When you say on top of the face frame, do you mean on top of the cabinet? Is part A or B in the above going to be in contact with the cabinet. 

I made my statement assuming A is mounting flat to the face frame. That is when I would notch a small section in the top of the frame where the crown turns the corner. If it is being installed on top of the cabs, then you'll need to do something similar to what cabman stated. Though if pre finished cabinets, matching the finish might be tough. In which case, install a mounting block so that A is on the same plane as the cab face. It might be helpful to see what crown you purchased, lots of these companies have crown pre assembled and finished with the bottom return.


----------



## frankp

Our crown molding is prefinished and has profile quite similar to the one in C'man's example. I have some backing that will be flush with the face frame with the A side in C'man's example on that and the B side basically right at the top of the face frame. I may just order the extra decorative panels to make everything look complete then it will be a non-issue.

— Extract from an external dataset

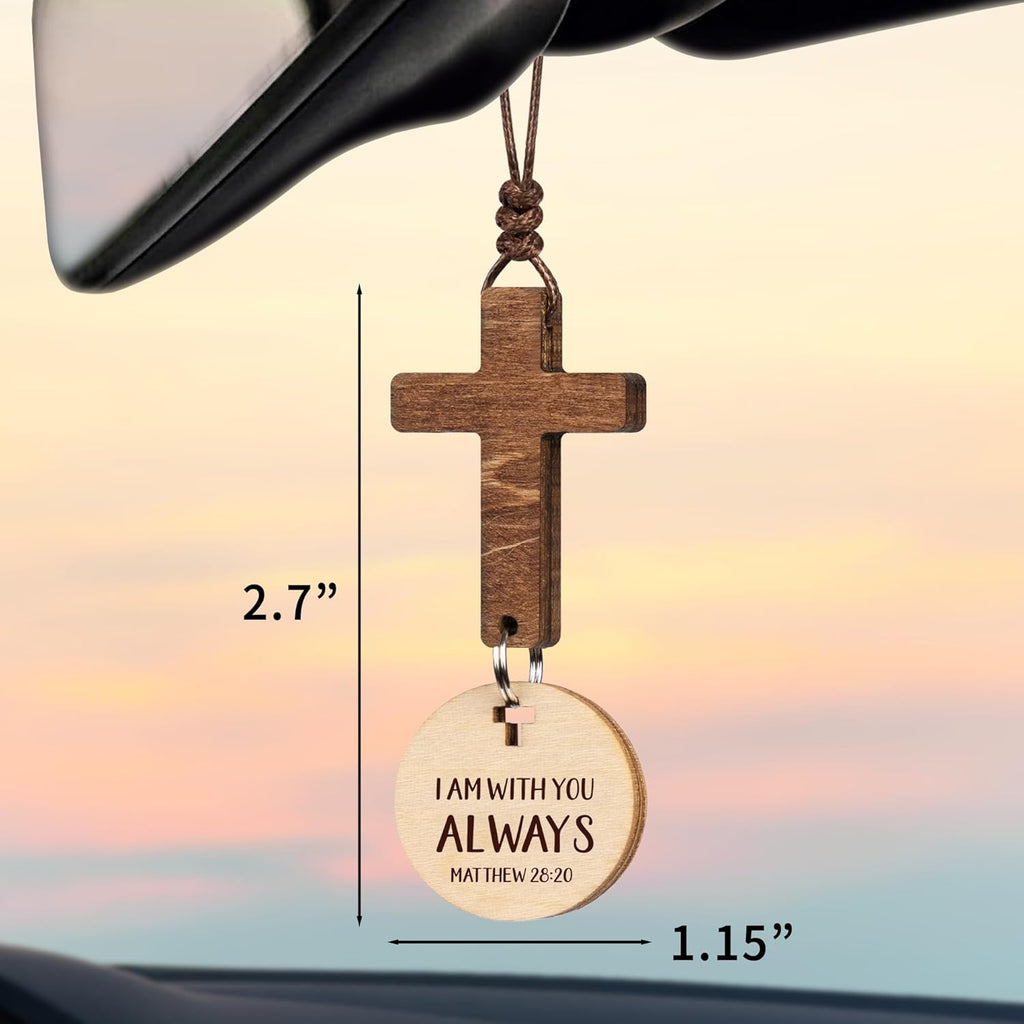 Car Accessories Christian Gifts for Women Men, Cross for Car Religious Gift | Rosary Mirror Hanging Accessories, Jesus College Care Gift, Boo Basket Stuffers For Women - Scan For Daily Bible Verse
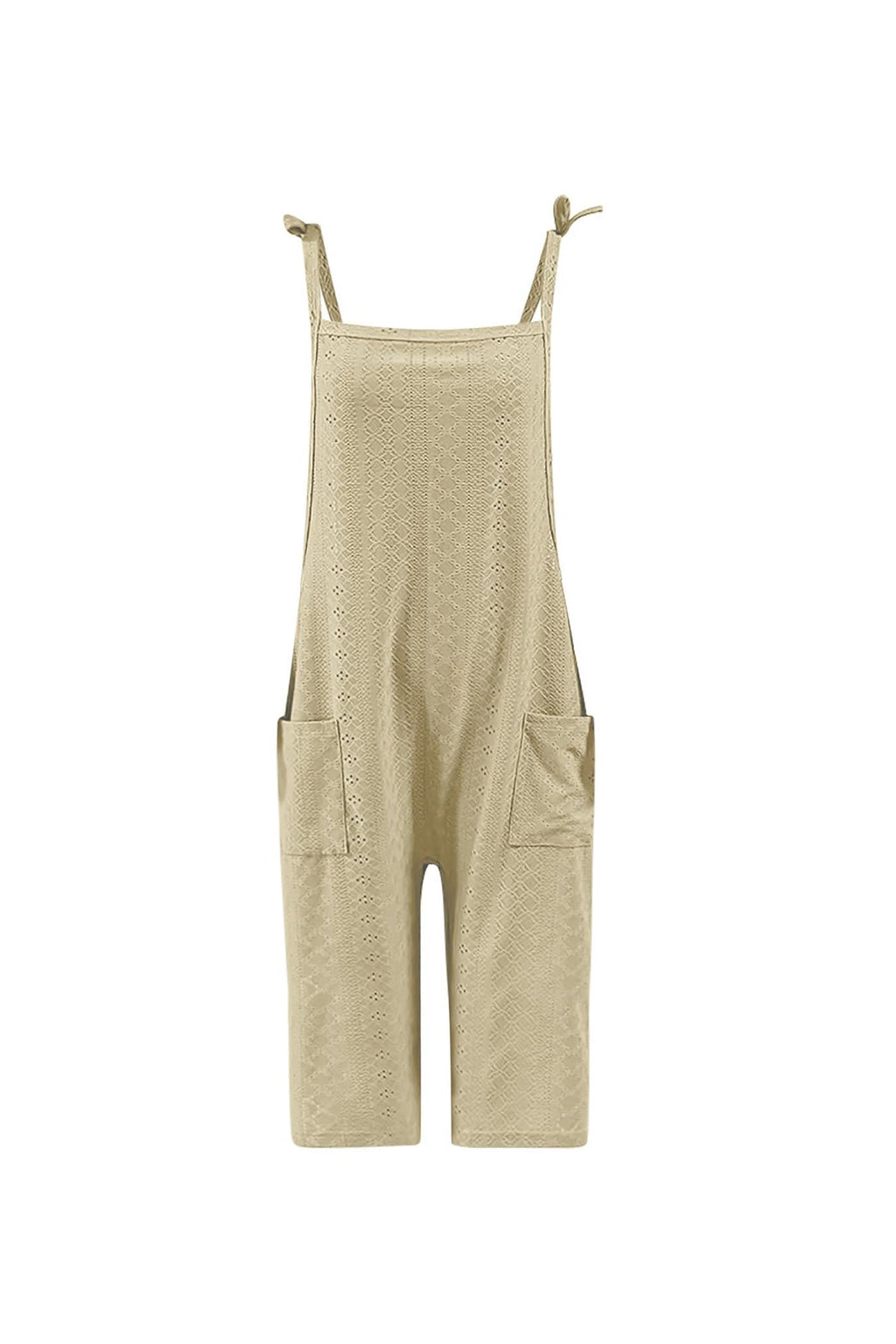 Pocket Eyelet Cami Capri Jumpsuits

Thanks for all the advice and suggestions.


----------



## Helicon1

Here is what I did. Wanted the crown to go right to the ceiling and run out from the cabinets to the wall and carry all around the room.


Routed a profile onto an L-shaped piece that I screwed from above to the top of the uppers
Routed a profile onto nailers that attached to the ceiling and to the L-shaped piece
Ran that all around the cabinets and walls (helpful so I could shim where it wasn't level)
Then nailed the crown to that
Matched paint to cabinet color...filled, sanded, painted.


----------